I'm not hanging on one word. I'm refuting your assertion that millions of people acted as one, with a single motivation for their actions. It's an absurd prospect. People are individuals who have their own reasons for doing things. And by painting them all with one subjective brush, you are demonstrating a lack of empathy, and an unwillingness to see the situation from any other perspective than your own. It's unproductive, and intellectually bankrupt.
I never said they acted as one. They have a new space available to them and they don’t like the new right twitter and new leadership so they switch. Or you know of some better technical reason? 20 million now care about decentralized socials but never bothered with Mastodon? Apply some common sense.
I don't disagree with that point. But it's a pivot from the what we were originally talking about.
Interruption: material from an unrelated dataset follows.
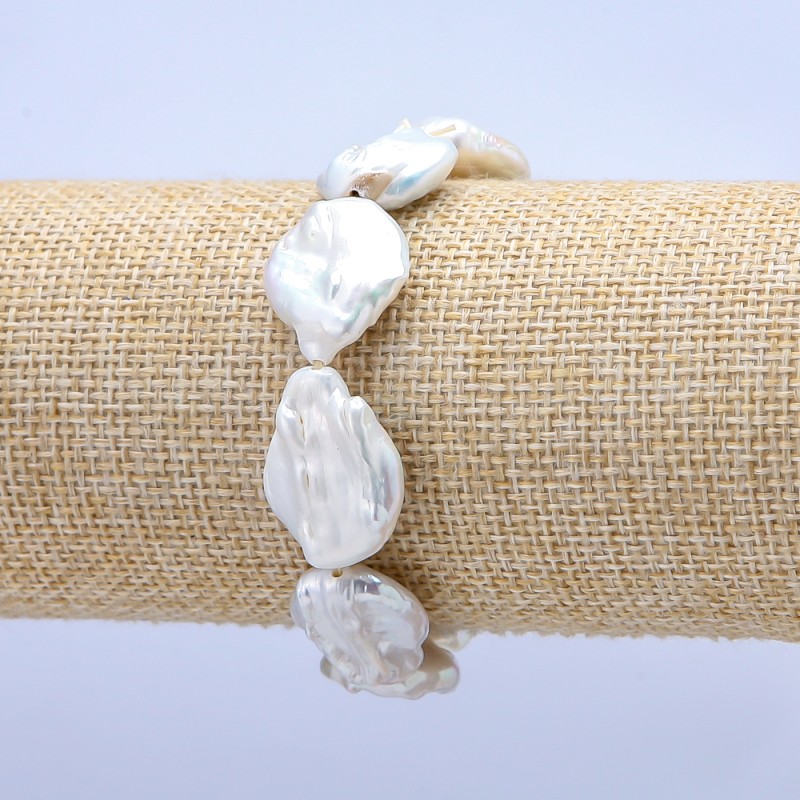 Brățară elastică din perle baroce, diametrul 22×15 mm, lungime 18 cm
I think we've both said all there is to say on it. We're not going to agree on this, and that's OK. I respect you, and I appreciate your perspective even if I don't agree.
I asked you what he did wrong and then implied that there is not much one can do if people leave because they don’t like you or what you’ve done to their safe space. A space that was clearly favoring left leaning conversations.
Maybe I’m wrong and it’s not about him specifically but the tone of new X and the fact that there is now an available alternative where there wasn’t one previously, and the fact that it feels more like the old familiar (left-leaning) place. Maybe it doesn’t matter if it’s Elon or if it were someone else. I won’t die on that hill arguing for personal dislike because I just don’t know what’s true for everyone.